People think racist opinions are always expressed with malice by unsavory people carrying pitch-forks or tiki-torches. That type of racist opinion is the most obvious and attracts the most attention. From my experience, however, racist views can also be expressed by well-meaning people. I find these to be worse since their brand of racism is hidden and harder to call out. On many occasions, I have found myself on the unpleasant end of such expressions, and when I did, it was much more offensive to me than a random stranger on the street directing racial epithets in my direction. This is not to lessen the significance harmful nature of such slurs.

Placing the focus on political correctness as a means of promoting tolerance is a good start, but making it the focus of inclusiveness efforts is wrong. On one hand, it paves the way for a lot of awkward reactions between the dominant group and the ‘other.’ I have been party to several awkward interactions while someone is trying to figure out what to call me, or how to describe me. It’s strange when someone is cycling through a series of descriptions while looking for the appropriate word to describe me. At first, they cringe as they wait to see if they are using the right term. This display of sensitivity then makes me cringe, as I feel like I am putting the person in a difficult position, making them walk through a lexical minefield. Rather than making me feel accepted, the interaction becomes rigid rather than fluid.
Another problem with political correctness is its tendency to weaponize words. Discouraging insensitive language is one thing, but emphasizing the restriction of select words at times elevates the status of the word in the eyes of a would-be bigot. The N-word is a good example of this. Many a racist see it as another tool of their arsenal. Its forbidden nature makes it all the more powerful in their eyes, making it even more offensive for those on the receiving end.

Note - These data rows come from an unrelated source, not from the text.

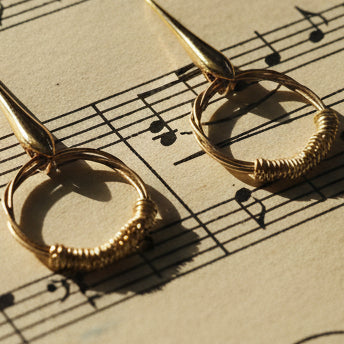The Golden Sun Guitar String Earrings
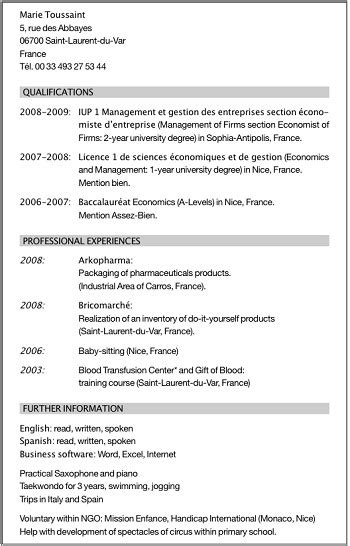 Modele De Cv Etudiant Pour Job D Ete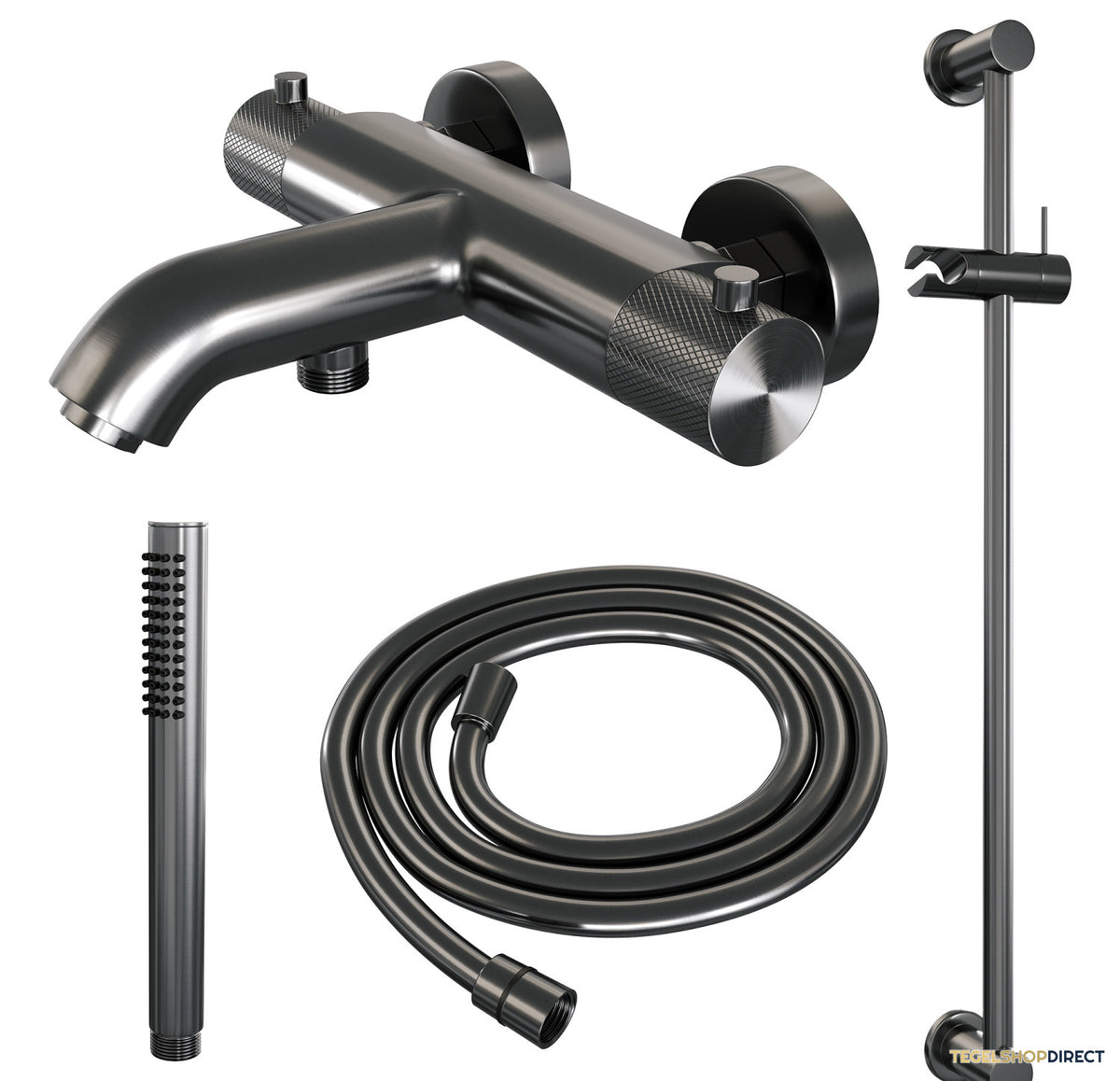 Opbouwset Bad- en Douchekraan Brauer Gunmetal Carving Thermostatisch Met Glijstang Geborsteld Gunmetal – afbeelding 2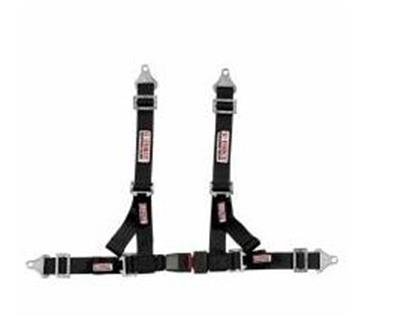 G-FORCE Tuner Belts 4-Point Harness 9000BK Harness, 4-Point, Series, Push Button Latch, Bolt-In, Floor/Roll Bar Mount, Black, Each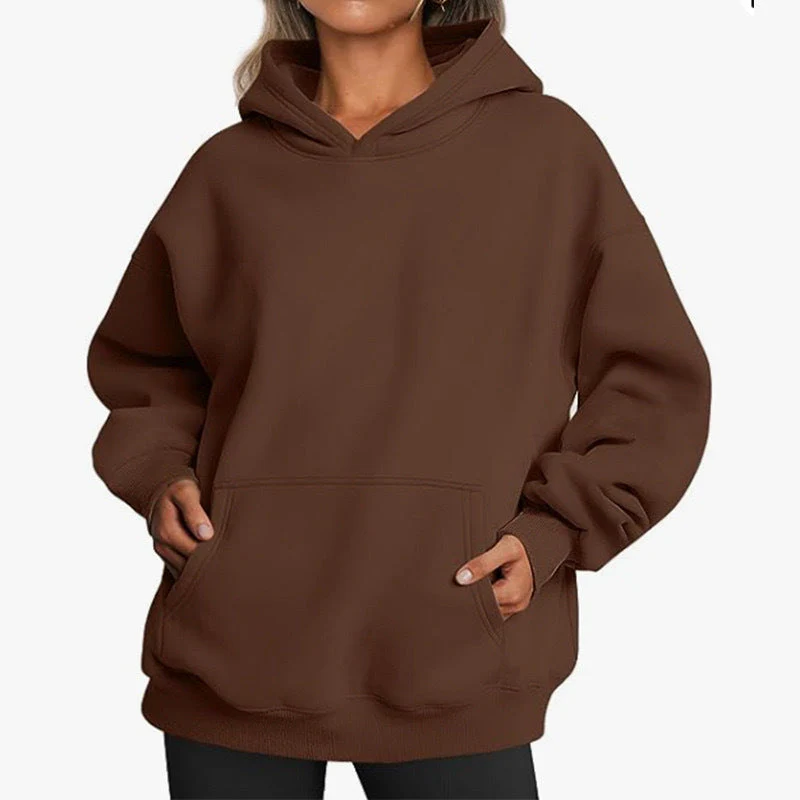 Damen Oversized Kapuzenpullover Aus Weichem Baumwollmix mit Praktischen Taschen Heidi-Mode - Image 6
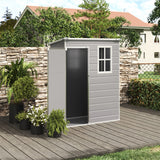 Grey plastic garden storage shed with lockable door and two-pane window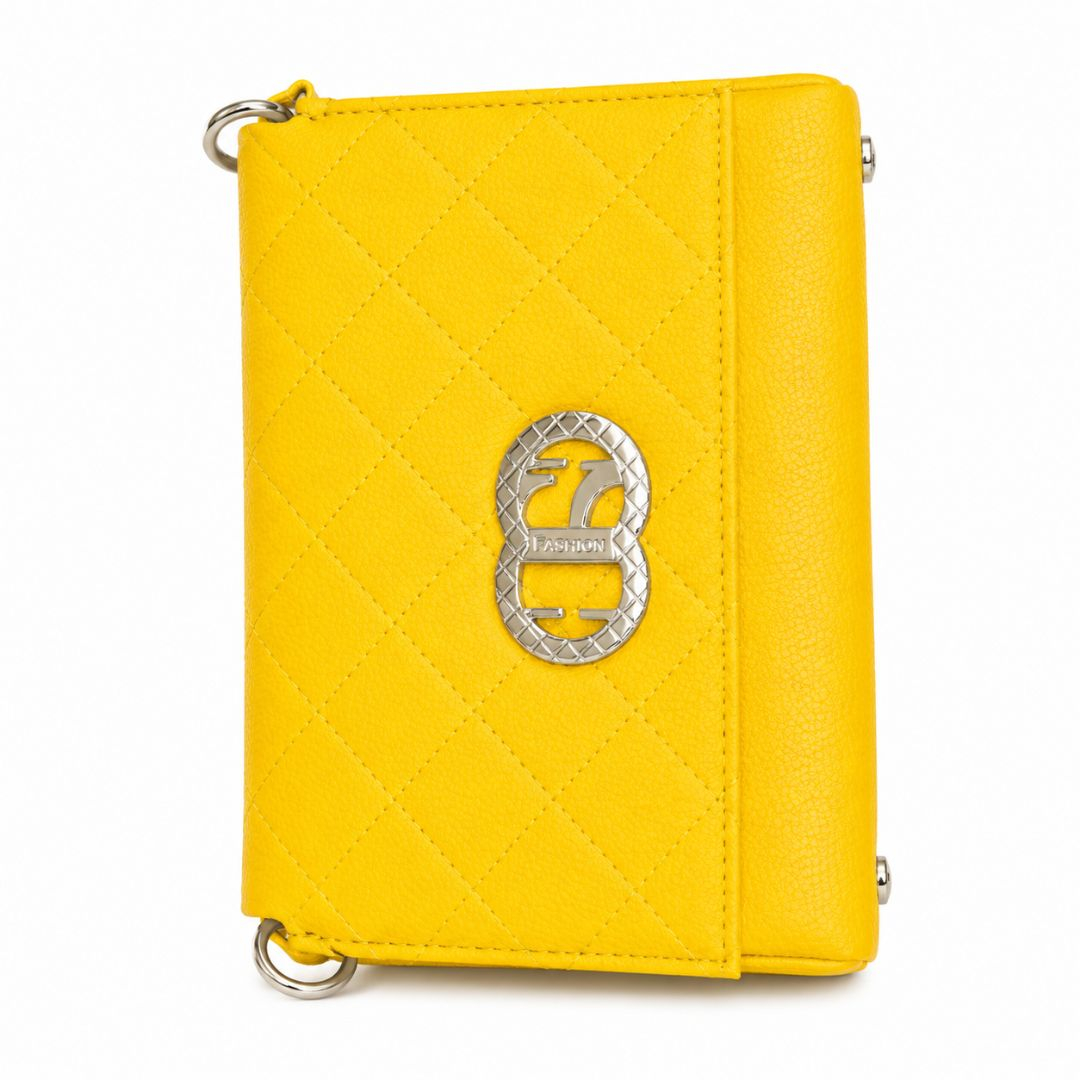 Quilted Yellow Faux Leather Crossbody Handbag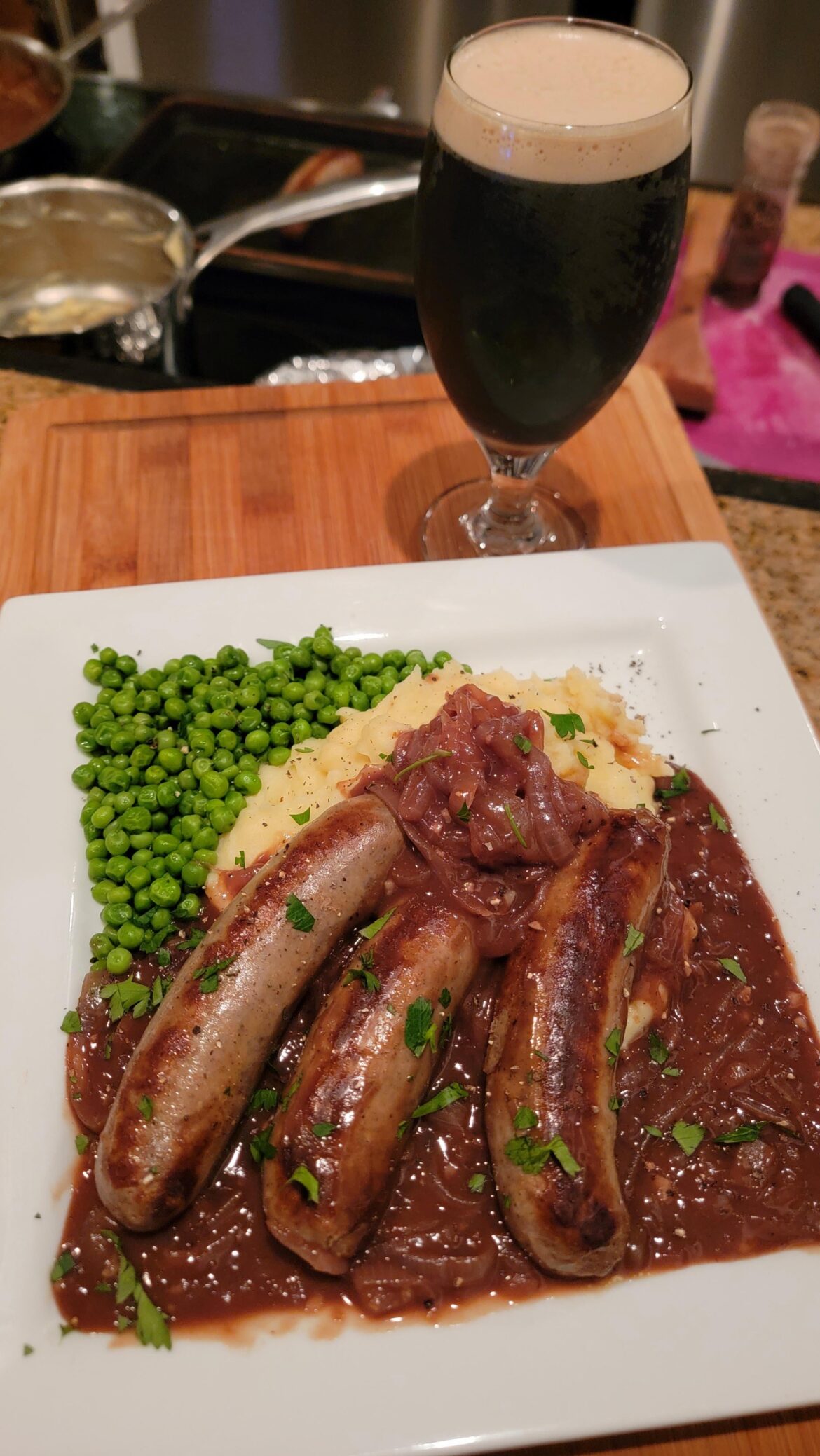 Homemade Irish Bangers and Mash 🍀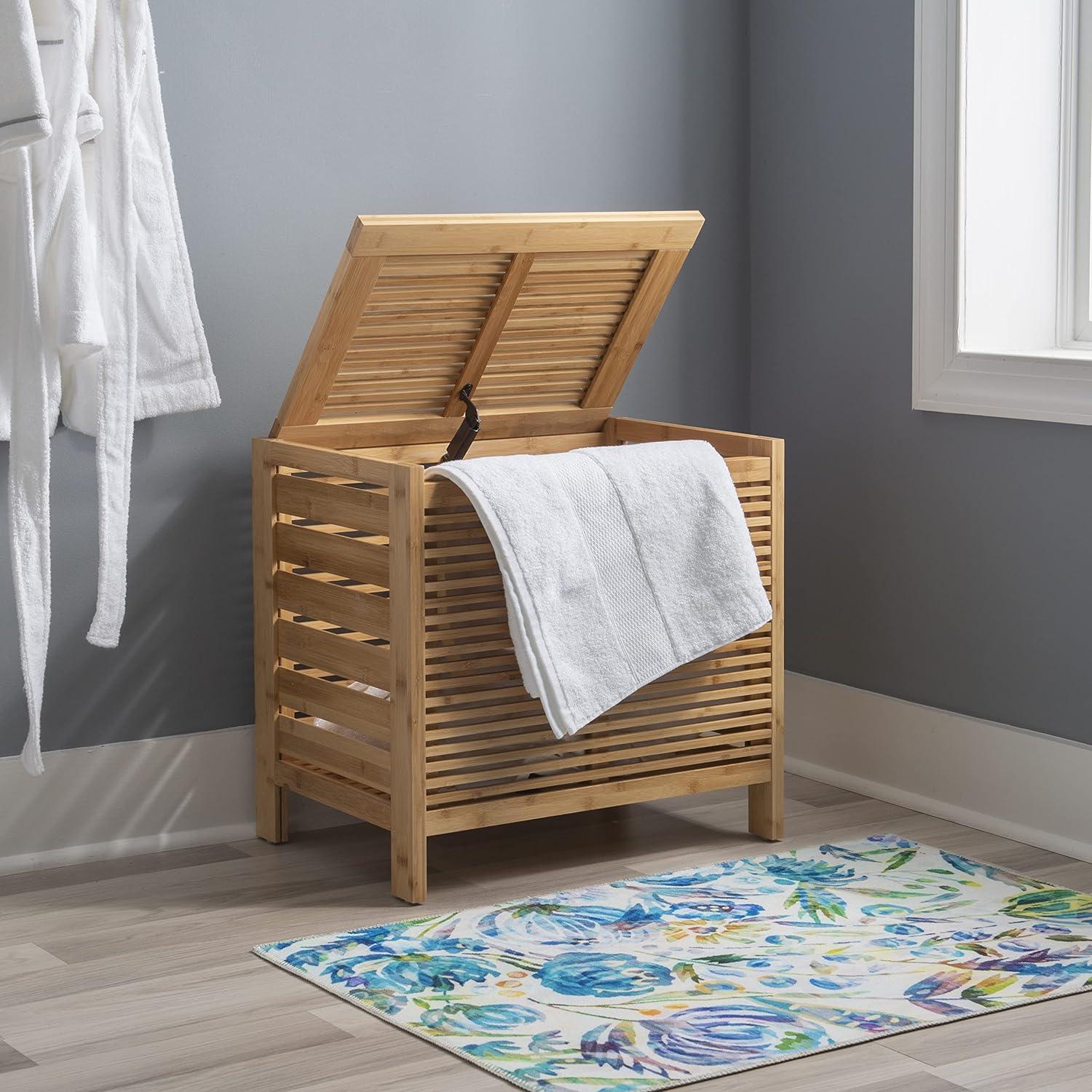 Bracken Natural Bamboo Upright Hamper with Safety Lid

Now back to where I started, the Mohrenrondell. This old word ‘Mohr’ exists in obscurity, far from the conscience of local social justice warriors and right-wing extremists alike. Renaming the Mohrenrondell to a more sensitive title will in my view do more harm than good. It may be celebrated as a demonstration of progressiveness albeit at the cost of its historical context and significance. The current label these statues have helps to maintain their significance. Black people like me in Germany get to know that some of my ancestors also walked these streets centuries before me. Giving it a racially sensitive name in my view is tantamount to revising history and robbing the past of important events, good or bad. A more sensitive name would shift the focus from Kaiser Friedrich’s view of the world to a monument celebrating inclusiveness.
Rather than doing something as drastic as renaming the statues, better contextualization could be done to explain the origin of the statues. Keyword being explain, not justify the use of the word Mohr. Or they could just do nothing, as information boards in tourist attraction can occasionally be unsightly or obstructive, reducing the aesthetic value, and making for horrible photographs.